Material to process »
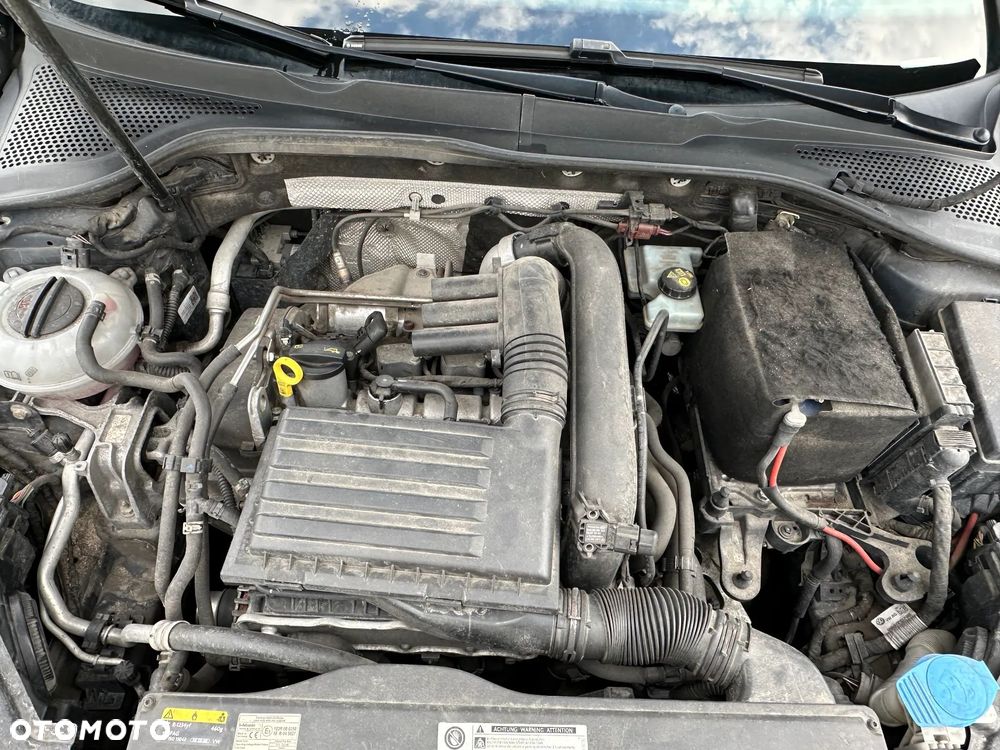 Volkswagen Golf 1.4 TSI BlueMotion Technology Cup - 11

...

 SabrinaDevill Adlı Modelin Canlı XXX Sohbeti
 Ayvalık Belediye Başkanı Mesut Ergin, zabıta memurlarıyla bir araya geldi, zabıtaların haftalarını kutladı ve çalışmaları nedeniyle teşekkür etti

Work instructions »
Taking the entries above, print exactly the lines starting at the line with "SabrinaDevill Adlı Modelin Canlı XXX Sohbeti" and ending at the line with "Ayvalık Belediye Başkanı", both included.

Written solution »
 SabrinaDevill Adlı Modelin Canlı XXX Sohbeti
 Ayvalık Belediye Başkanı Mesut Ergin, zabıta memurlarıyla bir araya geldi, zabıtaların haftalarını kutladı ve çalışmaları nedeniyle teşekkür etti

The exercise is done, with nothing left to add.